» Work order
Beginning at the line that holds "Dodot Pañales Bebé Sensitive Talla 2 12 h" and continuing to the last line of the data below, transcribe every line word for word, without pictures.

» Record set
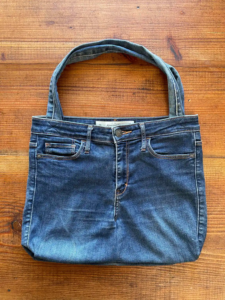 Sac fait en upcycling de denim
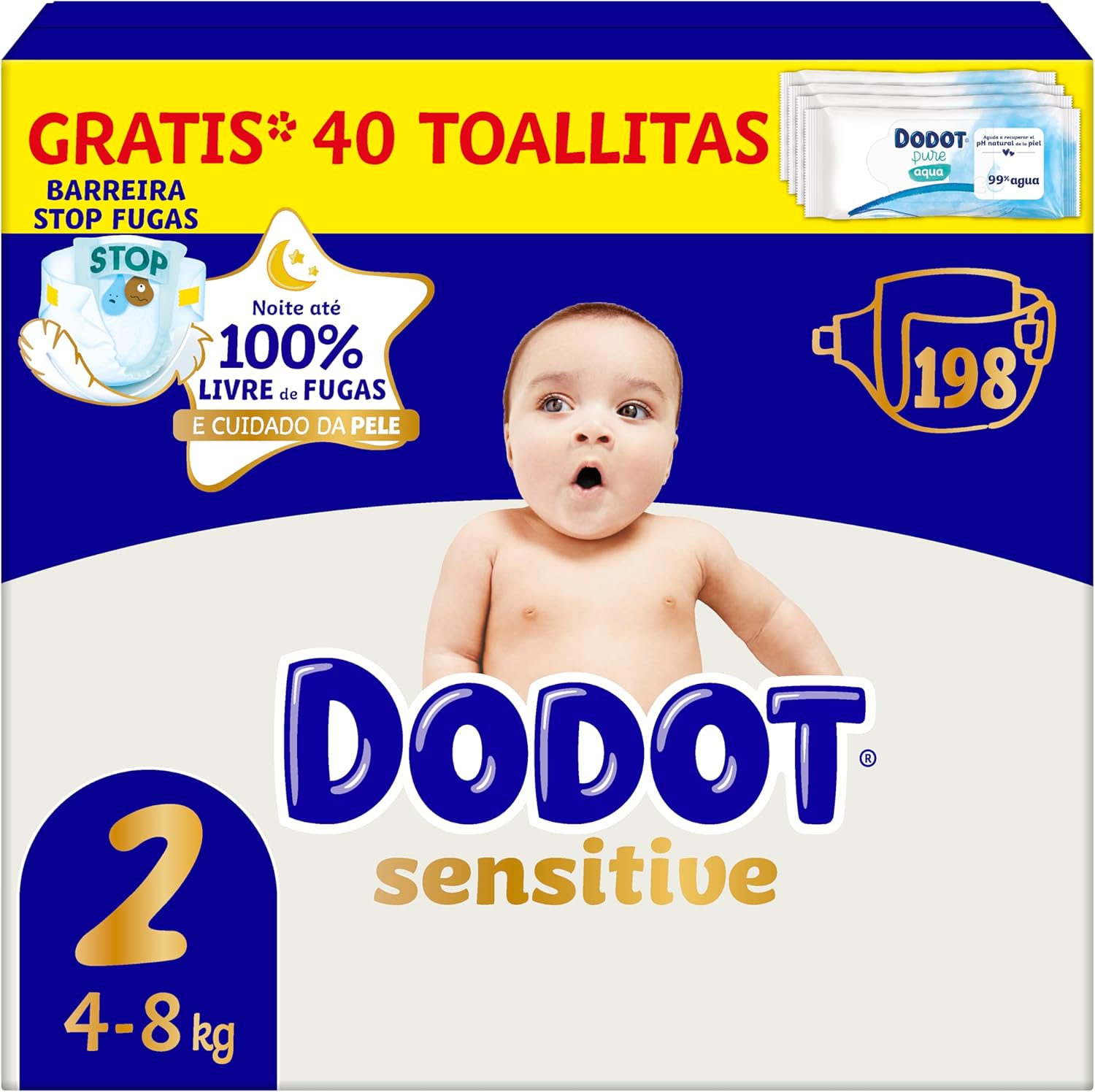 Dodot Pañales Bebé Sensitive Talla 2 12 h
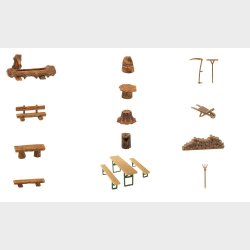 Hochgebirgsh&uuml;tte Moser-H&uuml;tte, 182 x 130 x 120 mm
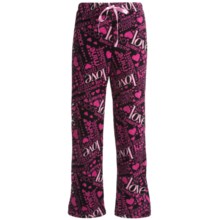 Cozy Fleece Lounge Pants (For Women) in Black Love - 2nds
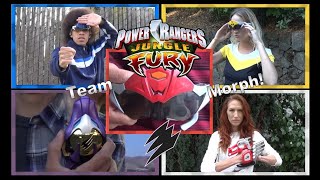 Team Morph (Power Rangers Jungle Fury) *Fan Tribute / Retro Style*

» Result of this exercise
 Dodot Pañales Bebé Sensitive Talla 2 12 h
 Hochgebirgsh&uuml;tte Moser-H&uuml;tte, 182 x 130 x 120 mm
 Cozy Fleece Lounge Pants (For Women) in Black Love - 2nds
 Team Morph (Power Rangers Jungle Fury) *Fan Tribute / Retro Style*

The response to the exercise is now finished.